- Cheshire from DC Festival of Heroes: The Asian Superhero Celebration #1. Art by Jen Bartel.

Publication information
- Publisher: DC Comics
- First appearance: New Teen Titans Annual #2 (September 1983)
- Created by: Marv Wolfman (writer) George Pérez (artist)

In-story information
- Alter ego: Jade Nguyen
- Species: Human
- Team affiliations: Injustice League Secret Six Suicide Squad Underground Society Tartarus The Ravens Titans League of Assassins
- Partnerships: Lady Shiva Bronze Tiger Roy Harper Catman Cheetah (Barbara Minerva)
- Abilities: Master martial artist, swordswoman, and acrobat; Expert toxicologist; Weapon proficiency; Expert in espionage, stealth, deception, and seduction; Toxic immunity;

= Cheshire (character) =

DC Comics character

Cheshire (Jade Nguyen) is a supervillain appearing in American comic books published by DC Comics. Created by Marv Wolfman and George Pérez, the character made her debut in New Teen Titans Annual #2 (September 1983). A master assassin with an affinity for poison and a reputation as a feared and efficient character, she is considered one of the deadliest assassins and premier martial artists on Earth.

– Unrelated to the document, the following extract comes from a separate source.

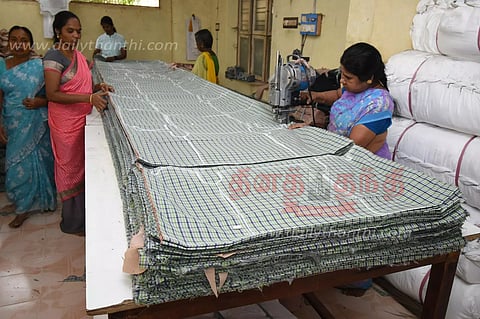 மாணவர்களுக்காக தயாராகும் பள்ளி சீருடைகள்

A woman of Viet origin with differing origin stories and background in her publication history, she becomes an infamous assassin known for her affinity for poison and has ties with the League of Assassins, the Secret Society of Super Villains, and other villainous and criminal groups as she battle heroes. A frequent adversary of the Teen Titans and its subsequent iterations, she is the occasional love interest of Roy Harper. The two have a daughter, Lian Harper (later known as Cheshire Cat).

The character has been adapted into several media; her first animated appearance was a non-speaking role in Teen Titans. Cheshire appears in Young Justice, voiced by Kelly Hu. Unlike her comics' version, the character is made the daughter of Sportsmaster and Huntress (Paula Brooks), the latter renamed Paula Nguyen and made Vietnamese, and is the older sister of Artemis Crock.

==Publication history==
Cheshire first appeared in New Teen Titans Annual #2 (1983) and was created by Marv Wolfman and George Pérez.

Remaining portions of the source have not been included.